> What the task asks
Output every record below exactly.

⟨

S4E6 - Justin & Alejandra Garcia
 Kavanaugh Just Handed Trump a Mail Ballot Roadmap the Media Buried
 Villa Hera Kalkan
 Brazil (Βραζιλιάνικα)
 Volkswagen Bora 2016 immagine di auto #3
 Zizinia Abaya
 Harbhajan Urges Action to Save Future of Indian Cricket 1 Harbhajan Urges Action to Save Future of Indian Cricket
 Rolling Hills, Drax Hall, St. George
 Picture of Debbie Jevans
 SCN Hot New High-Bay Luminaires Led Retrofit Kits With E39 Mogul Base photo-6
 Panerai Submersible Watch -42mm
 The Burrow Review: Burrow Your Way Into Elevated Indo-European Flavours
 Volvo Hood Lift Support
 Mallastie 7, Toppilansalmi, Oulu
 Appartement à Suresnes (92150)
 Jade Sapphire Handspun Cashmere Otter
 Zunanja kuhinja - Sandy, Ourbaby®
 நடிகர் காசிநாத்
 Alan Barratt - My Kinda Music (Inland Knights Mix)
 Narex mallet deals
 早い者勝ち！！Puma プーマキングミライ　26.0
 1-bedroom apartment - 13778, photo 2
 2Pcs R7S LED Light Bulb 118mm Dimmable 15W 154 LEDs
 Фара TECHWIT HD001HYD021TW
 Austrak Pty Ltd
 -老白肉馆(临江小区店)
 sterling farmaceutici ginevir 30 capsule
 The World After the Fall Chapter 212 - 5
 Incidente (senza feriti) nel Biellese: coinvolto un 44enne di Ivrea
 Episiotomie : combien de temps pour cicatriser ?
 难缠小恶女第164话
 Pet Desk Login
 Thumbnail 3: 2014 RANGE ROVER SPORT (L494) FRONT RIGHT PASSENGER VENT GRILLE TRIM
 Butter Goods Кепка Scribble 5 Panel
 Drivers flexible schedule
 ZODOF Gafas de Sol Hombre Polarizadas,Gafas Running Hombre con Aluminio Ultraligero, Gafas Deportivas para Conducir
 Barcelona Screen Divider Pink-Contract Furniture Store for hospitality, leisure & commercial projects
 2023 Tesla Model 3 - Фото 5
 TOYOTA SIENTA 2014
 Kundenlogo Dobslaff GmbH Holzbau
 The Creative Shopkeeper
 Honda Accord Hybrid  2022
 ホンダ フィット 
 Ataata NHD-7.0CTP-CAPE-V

⟩

> Reply to the exercise
S4E6 - Justin & Alejandra Garcia
 Kavanaugh Just Handed Trump a Mail Ballot Roadmap the Media Buried
 Villa Hera Kalkan
 Brazil (Βραζιλιάνικα)
 Volkswagen Bora 2016 immagine di auto #3
 Zizinia Abaya
 Harbhajan Urges Action to Save Future of Indian Cricket 1 Harbhajan Urges Action to Save Future of Indian Cricket
 Rolling Hills, Drax Hall, St. George
 Picture of Debbie Jevans
 SCN Hot New High-Bay Luminaires Led Retrofit Kits With E39 Mogul Base photo-6
 Panerai Submersible Watch -42mm
 The Burrow Review: Burrow Your Way Into Elevated Indo-European Flavours
 Volvo Hood Lift Support
 Mallastie 7, Toppilansalmi, Oulu
 Appartement à Suresnes (92150)
 Jade Sapphire Handspun Cashmere Otter
 Zunanja kuhinja - Sandy, Ourbaby®
 நடிகர் காசிநாத்
 Alan Barratt - My Kinda Music (Inland Knights Mix)
 Narex mallet deals
 早い者勝ち！！Puma プーマキングミライ　26.0
 1-bedroom apartment - 13778, photo 2
 2Pcs R7S LED Light Bulb 118mm Dimmable 15W 154 LEDs
 Фара TECHWIT HD001HYD021TW
 Austrak Pty Ltd
 -老白肉馆(临江小区店)
 sterling farmaceutici ginevir 30 capsule
 The World After the Fall Chapter 212 - 5
 Incidente (senza feriti) nel Biellese: coinvolto un 44enne di Ivrea
 Episiotomie : combien de temps pour cicatriser ?
 难缠小恶女第164话
 Pet Desk Login
 Thumbnail 3: 2014 RANGE ROVER SPORT (L494) FRONT RIGHT PASSENGER VENT GRILLE TRIM
 Butter Goods Кепка Scribble 5 Panel
 Drivers flexible schedule
 ZODOF Gafas de Sol Hombre Polarizadas,Gafas Running Hombre con Aluminio Ultraligero, Gafas Deportivas para Conducir
 Barcelona Screen Divider Pink-Contract Furniture Store for hospitality, leisure & commercial projects
 2023 Tesla Model 3 - Фото 5
 TOYOTA SIENTA 2014
 Kundenlogo Dobslaff GmbH Holzbau
 The Creative Shopkeeper
 Honda Accord Hybrid  2022
 ホンダ フィット 
 Ataata NHD-7.0CTP-CAPE-V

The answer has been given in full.